The East is a bit different. There, production has certainly expanded. That is good for capitalism —and in the long run it is good for working people in the West and in China, too. There is a lot of resentment in Europe and America about China’s success, and some of that is dressed up in the bogus terms of concern for labour rights or for the environment. Such criticisms seize on details which, however justified, are really just used as excuses to rubbish China’s growth, out of jealousy, not to put too fine a point on it.

China’s growth, and the growth in Vietnam, Malaysia and Korea that preceded it, has been very important not just because it put some vigour back into capitalism, filling Wal-Mart’s shelves (their industrial capitalism supporting our consumer capitalism, so to speak), but also because it has enhanced all of our lives.

But what China’s growth did not do was significantly to increase the productivity of industrial labour by displacing workers with machines, leading to overaccumulation.

Even though many peasants did lose their livelihoods, for the most part the story of China’s growth is of a further extension of capital accumulation across the east, by the creation of new points of production, recruiting a new labour force, not of an intensification of capitalism with industrialization forcing labour out. Indeed, the world’s industrial workforce has massively expanded, as capital has spread out across the globe, incorporating those formerly under-invested regions of the world ruled by the Stalinists. To understand the sea-change in capitalism that occurred around 1985-1995 you cannot look at ‘objective’ economic categories in isolation from the subjective factor.

The condition for capitalism’s extensive growth in the preceding period was the worldwide and historic defeat of the old, left wing-led, opposition. Both in the labour movement (and Socialist Parties) of the developed world, and in the Nationalist and Stalinist governments and movements of the Second and Third World, the left wing opposition to capitalism was definitively beaten.

There were lots of local factors in the defeat, the disintegration of Third World nationalism in the face of capital investment from the West, the failure of the Stalinist societies to meet the competition of the West either in arms or consumer goods, the trade unions’ inability to defend their members interests, and the radical left’s fatal hesitancy whenever the danger that they might actually take power appeared on the horizon (one might think here of the ’68 events, and the street militancy of the seventies that followed, when ‘new’ leftists dared to think of revolu tion, but retreated into guerilla tactics, or cultural politics, rather than challenge the hold of the ‘old’ left over the working class).

The challenge was to make the working class the subject of history, not just an object of capital accumulation. But as bravely as people fought, and as many were the advances made, the decisive challenge failed; the working class did not take control, and in the long retreat that followed the working class subject was forced out of history. A crisis of confidence – defeatism – was the dominant mood on the left.

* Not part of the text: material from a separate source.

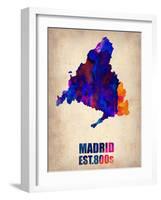 Madrid Watercolor Map-NaxArt-Framed Art Print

The defeat of the working class subject was the condition for the extensive growth of capitalism we have been living through, and its bias to low-productivity toil over high-productivity industry. In the west, the defeat of the unions held wages down, making it cheaper to recruit more workers than to buy more machines. Unlike the high-wage post-war boom years, employers had no incentive to replace workers by machines (in Marx’s terms, the organic composition of capital was not rising). In the east, combative nationalism fell away, making it much easier for capitalists to recruit armies of new workers into greenfield factories.

This was what I looked at in my book, The ‘Death of the Subject’ Explained (2002), which is for the most part a criticism of the postmodern philosophy that was popular at the time. There is something a bit suspect about dodging off into the realm of philosophy to discuss a real problem. Who is The Subject, wearing his grandiose capital letters as if it was some higher being than you and me? In other times we might have called ‘the retreat from subjectivity’ the ‘struggle for working class leadership’, only now there is no such struggle. The question was whether the working class would become an active agent shaping history.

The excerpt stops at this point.